## Source material
--

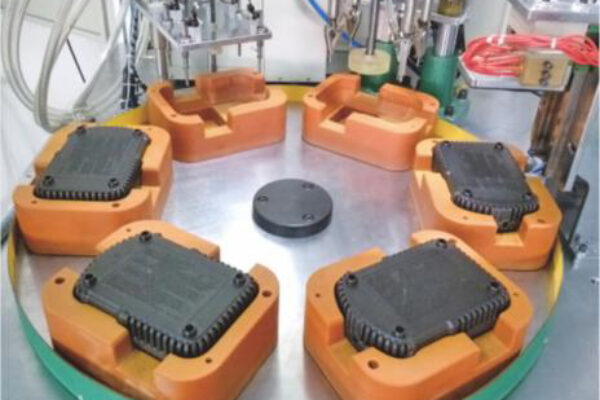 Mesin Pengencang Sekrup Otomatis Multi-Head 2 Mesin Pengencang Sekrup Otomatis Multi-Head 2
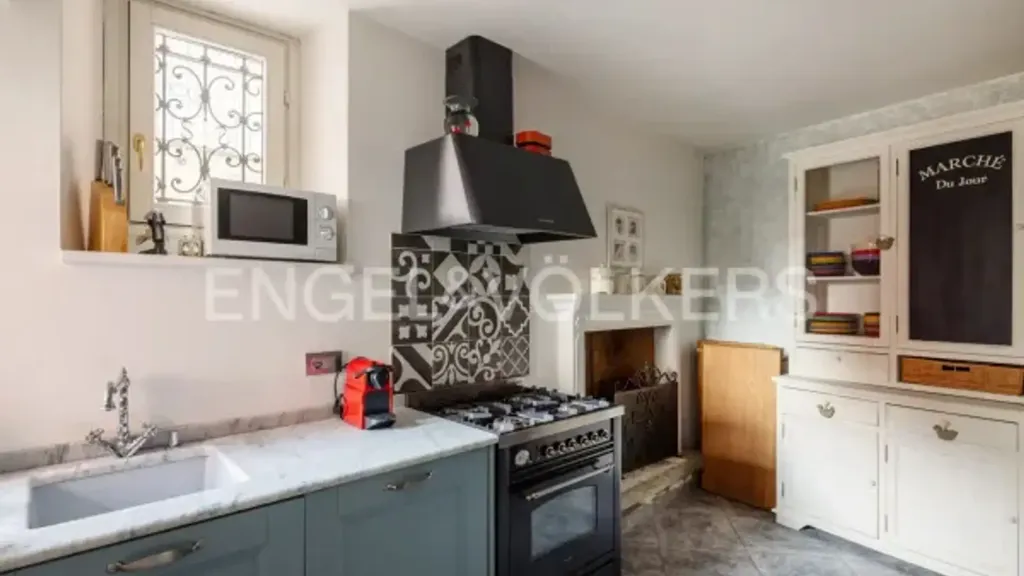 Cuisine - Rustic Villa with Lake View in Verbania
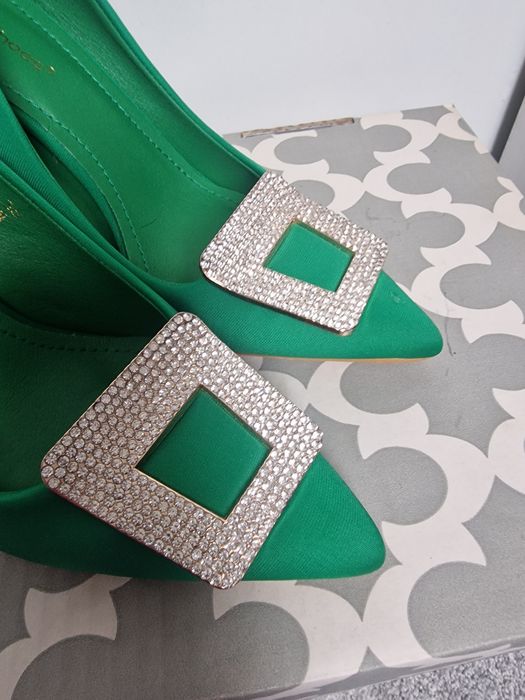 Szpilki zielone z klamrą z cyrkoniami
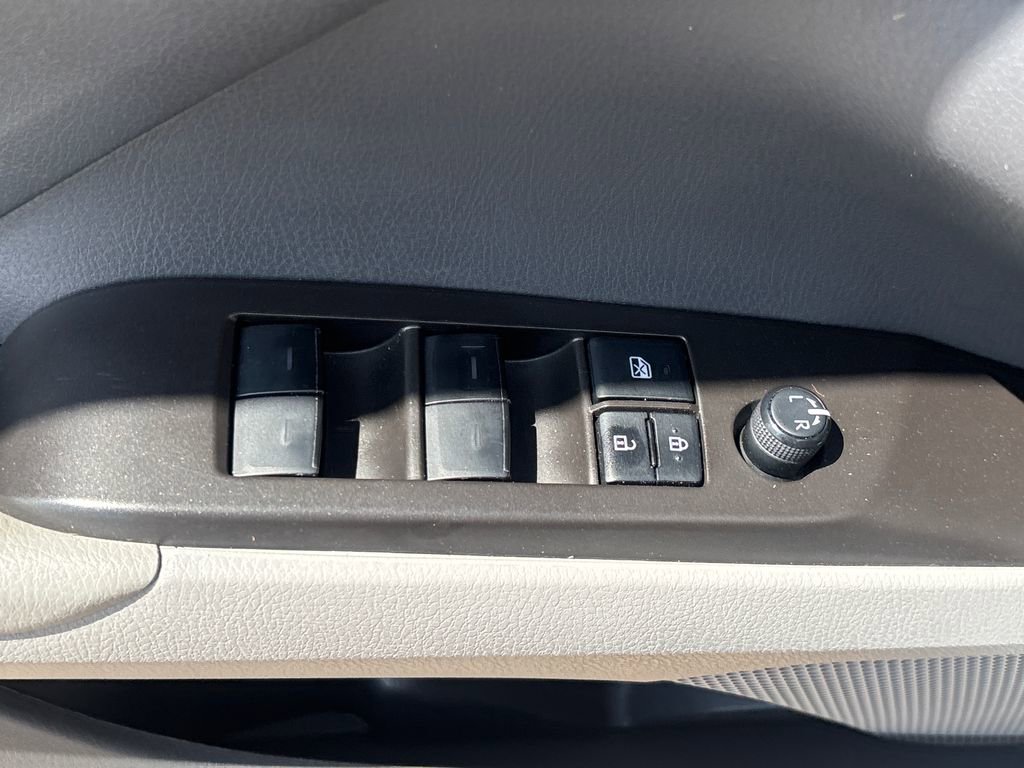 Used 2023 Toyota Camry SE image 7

--

## What is expected
Reproduce the material above in full and without alteration, but skip all pictures.

## Response area
 Mesin Pengencang Sekrup Otomatis Multi-Head 2 Mesin Pengencang Sekrup Otomatis Multi-Head 2
 Cuisine - Rustic Villa with Lake View in Verbania
 Szpilki zielone z klamrą z cyrkoniami
 Used 2023 Toyota Camry SE image 7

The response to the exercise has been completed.